Across cultures worldwide, only around 10 per cent of people are naturally left-handed, a mystery that has puzzled researchers for decades.

According to the new study, the answer may lie in two major developments in human evolution — walking upright on two legs and the dramatic growth of the human brain.

Lead researcher Thomas A. Püschel described the study as the first to test several major theories about handedness within a single scientific framework.

“Our results suggest it is probably tied to some of the key features that make us human, especially walking upright and the evolution of larger brains,” he said.

To investigate the mystery, researchers analysed data involving 2,025 individuals across 41 species of monkeys and apes.
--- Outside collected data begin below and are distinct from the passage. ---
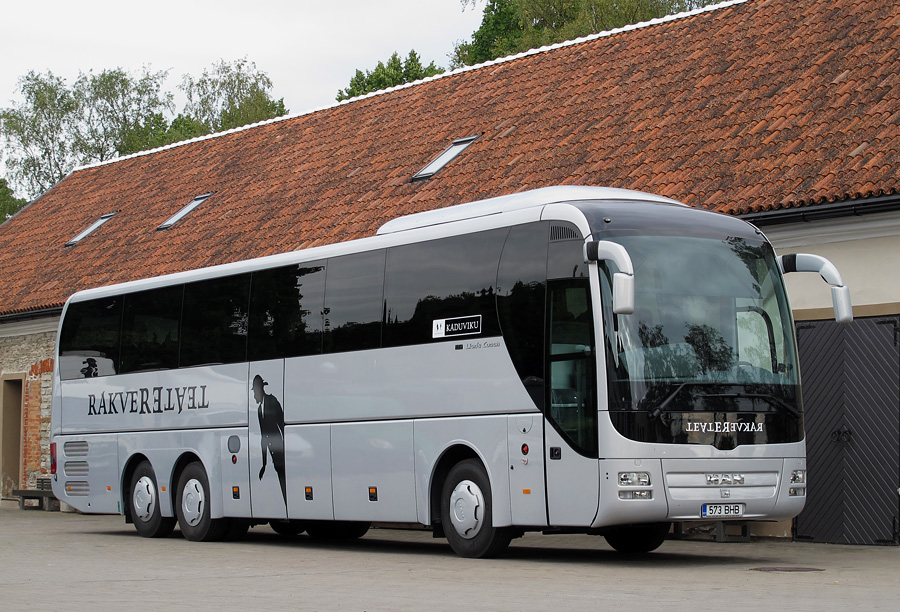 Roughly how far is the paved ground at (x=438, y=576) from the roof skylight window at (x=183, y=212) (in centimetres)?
1180

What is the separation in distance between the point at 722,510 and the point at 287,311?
6021 mm

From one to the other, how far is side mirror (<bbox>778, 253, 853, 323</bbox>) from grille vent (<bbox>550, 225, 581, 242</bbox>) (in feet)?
7.23

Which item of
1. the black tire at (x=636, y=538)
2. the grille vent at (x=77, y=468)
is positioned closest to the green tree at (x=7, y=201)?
the grille vent at (x=77, y=468)

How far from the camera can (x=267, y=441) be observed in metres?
16.5

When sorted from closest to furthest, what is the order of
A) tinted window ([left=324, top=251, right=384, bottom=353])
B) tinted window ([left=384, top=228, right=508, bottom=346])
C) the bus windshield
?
the bus windshield → tinted window ([left=384, top=228, right=508, bottom=346]) → tinted window ([left=324, top=251, right=384, bottom=353])

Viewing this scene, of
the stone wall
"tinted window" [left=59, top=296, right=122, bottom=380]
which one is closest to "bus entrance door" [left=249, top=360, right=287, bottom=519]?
"tinted window" [left=59, top=296, right=122, bottom=380]

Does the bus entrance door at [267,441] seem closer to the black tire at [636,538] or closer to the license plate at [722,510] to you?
the black tire at [636,538]

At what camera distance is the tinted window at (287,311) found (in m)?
15.8

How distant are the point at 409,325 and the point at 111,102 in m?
48.5

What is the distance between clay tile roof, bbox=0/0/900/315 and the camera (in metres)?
17.2

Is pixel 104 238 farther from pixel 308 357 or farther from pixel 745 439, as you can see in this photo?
pixel 745 439

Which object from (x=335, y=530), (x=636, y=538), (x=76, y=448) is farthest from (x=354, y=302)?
(x=76, y=448)

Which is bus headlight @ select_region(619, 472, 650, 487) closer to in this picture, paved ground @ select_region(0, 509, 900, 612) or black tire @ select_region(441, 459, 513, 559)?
paved ground @ select_region(0, 509, 900, 612)

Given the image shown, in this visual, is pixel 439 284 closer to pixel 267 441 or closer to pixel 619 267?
pixel 619 267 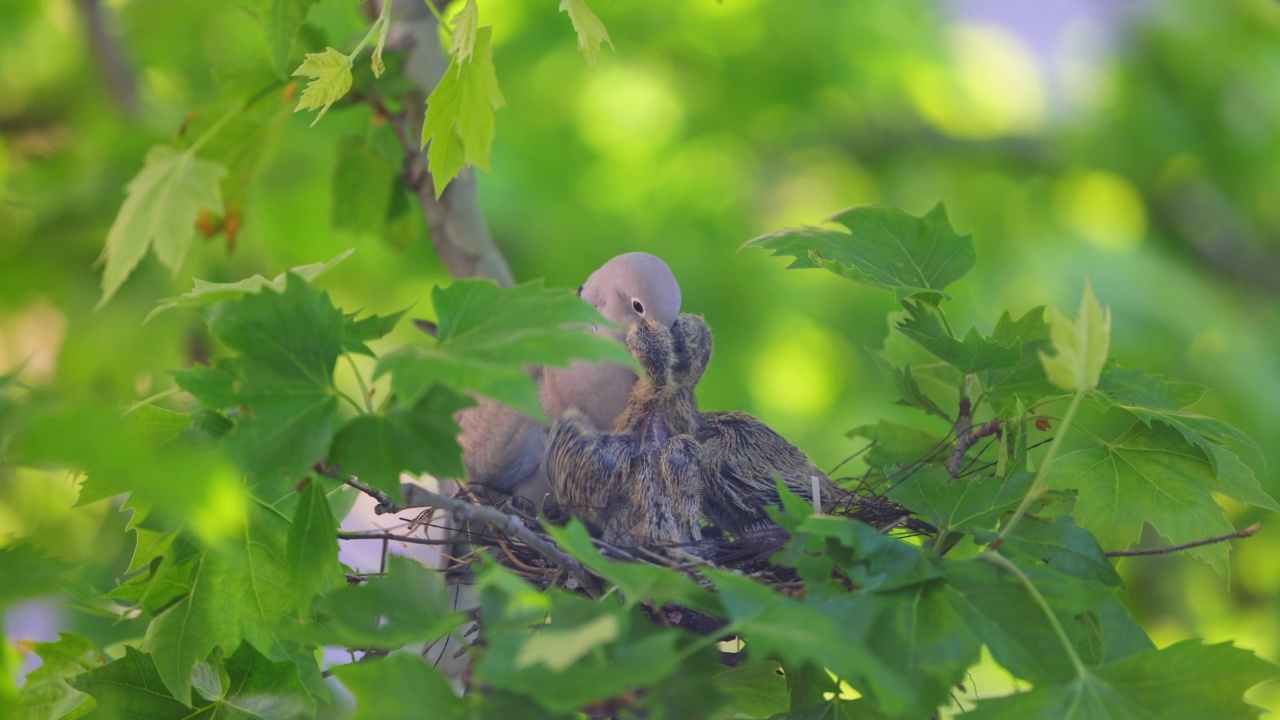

The team examined multiple factors believed to influence handedness, including tool use, diet, habitat, social behaviour, body size, brain size and movement patterns.

Initially, humans appeared to stand far outside the patterns observed in other primates.

However, researchers found that once brain size and the relative length of arms compared to legs were included in the analysis, humans no longer appeared evolutionarily unusual.

The findings suggest that upright walking freed the hands for activities such as tool use, communication and fine motor tasks, which may have encouraged stronger hand preference over time.

Researchers also believe the rapid growth and reorganisation of the human brain further strengthened right-handed dominance through greater hemispheric specialisation.

Using the same evolutionary model, scientists estimated the likely handedness of extinct human ancestors.

The study found that early human species such as Australopithecus and Ardipithecus probably showed only mild preferences for using the right hand.

However, stronger right-handed tendencies appeared to emerge later in species such as Homo erectus and Neanderthal.

One notable exception was Homo floresiensis, often referred to as the “hobbit” species discovered in Indonesia.

Researchers found the species showed a much weaker preference for right-handedness, likely because it had a smaller brain and relied on both upright walking and climbing.

The study proposes a two-stage evolutionary explanation for modern human handedness: first, walking upright freed the hands, and later, brain expansion reinforced specialised hand dominance.

The findings were published in the scientific journal PLOS Biology.